§ What you have to do: From the line containing "Another major learning" down to the line containing "Without further ado, let's", copy out the entries below exactly, both lines included, and nothing else; pictures do not belong in the copy.

§ Extracted information:
»»

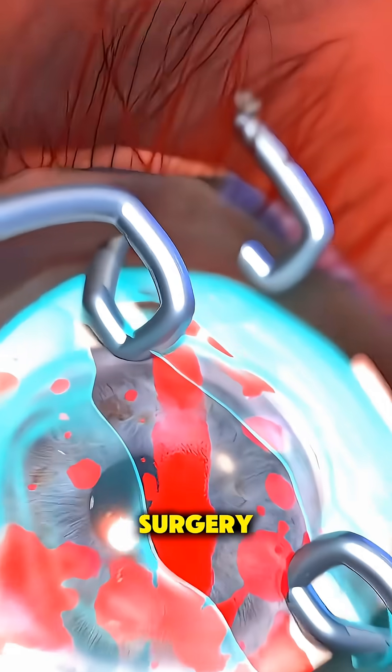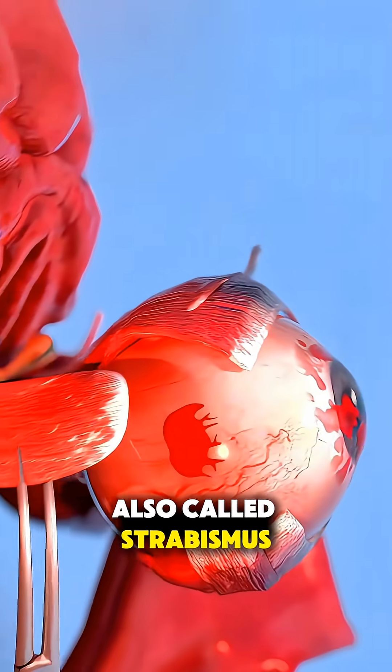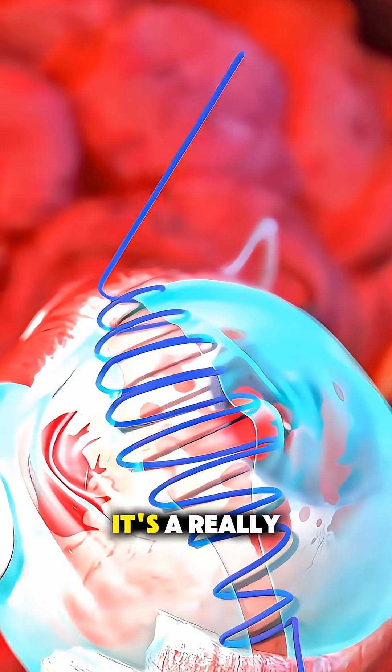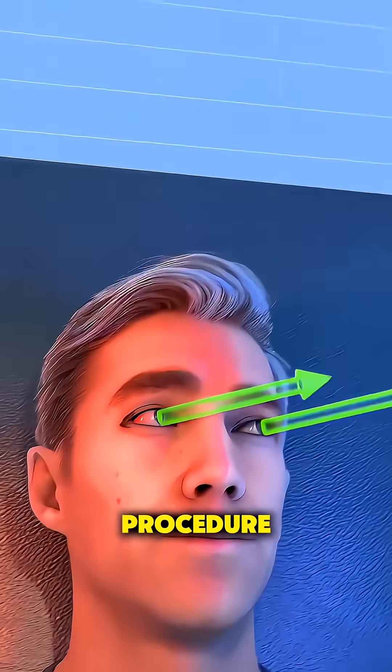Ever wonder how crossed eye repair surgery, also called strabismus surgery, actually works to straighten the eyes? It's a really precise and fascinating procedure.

««
»»

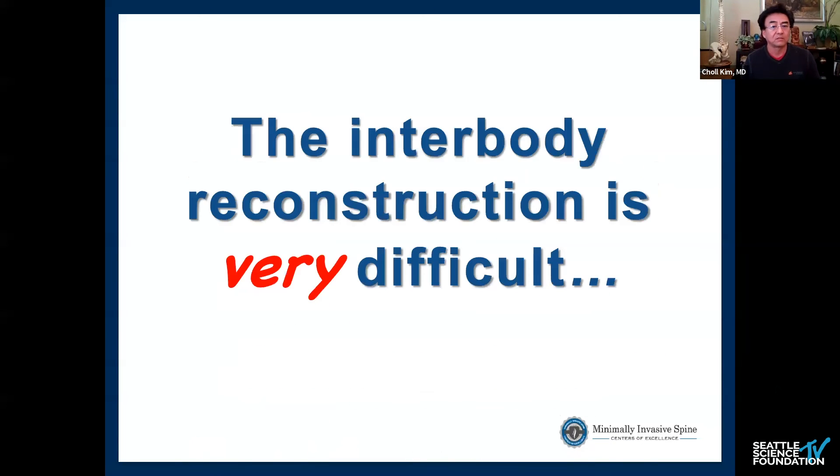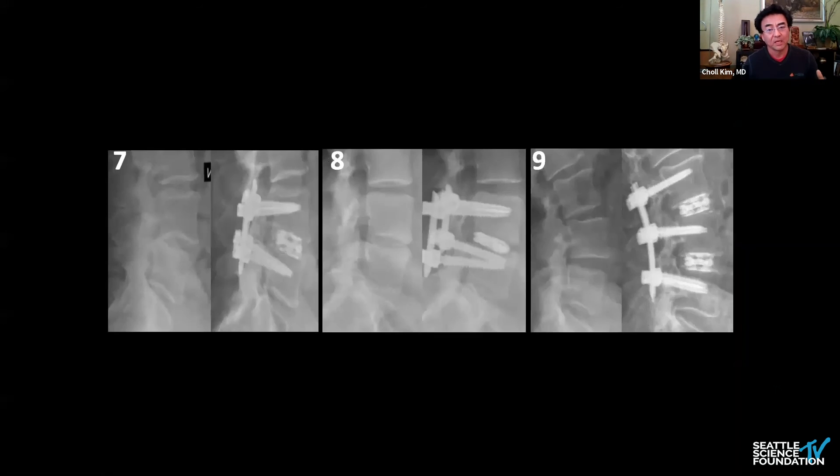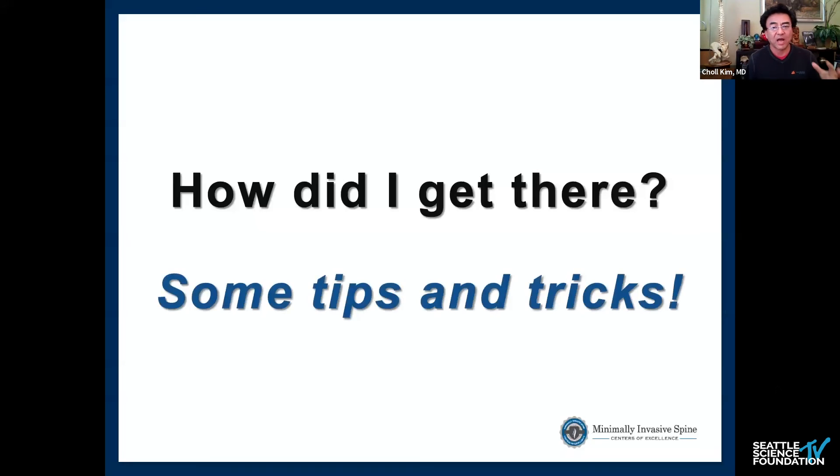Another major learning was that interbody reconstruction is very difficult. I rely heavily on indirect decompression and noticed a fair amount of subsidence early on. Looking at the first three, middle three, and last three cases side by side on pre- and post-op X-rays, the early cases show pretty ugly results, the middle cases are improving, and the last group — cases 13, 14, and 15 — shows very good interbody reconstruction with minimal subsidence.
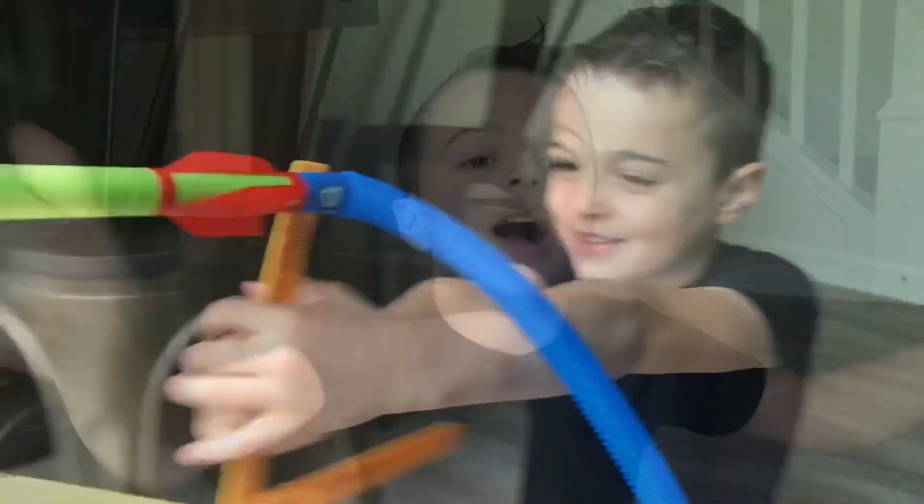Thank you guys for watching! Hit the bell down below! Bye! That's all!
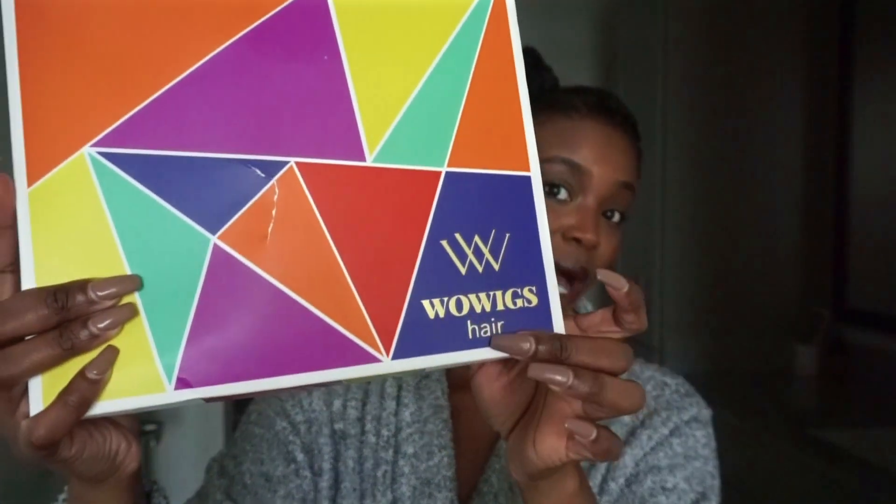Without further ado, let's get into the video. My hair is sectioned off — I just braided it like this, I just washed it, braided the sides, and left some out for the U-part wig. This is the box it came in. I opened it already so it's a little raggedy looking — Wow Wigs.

««

§ Exercise output:
Another major learning was that interbody reconstruction is very difficult. I rely heavily on indirect decompression and noticed a fair amount of subsidence early on. Looking at the first three, middle three, and last three cases side by side on pre- and post-op X-rays, the early cases show pretty ugly results, the middle cases are improving, and the last group — cases 13, 14, and 15 — shows very good interbody reconstruction with minimal subsidence.
Thank you guys for watching! Hit the bell down below! Bye! That's all!
Without further ado, let's get into the video. My hair is sectioned off — I just braided it like this, I just washed it, braided the sides, and left some out for the U-part wig. This is the box it came in. I opened it already so it's a little raggedy looking — Wow Wigs.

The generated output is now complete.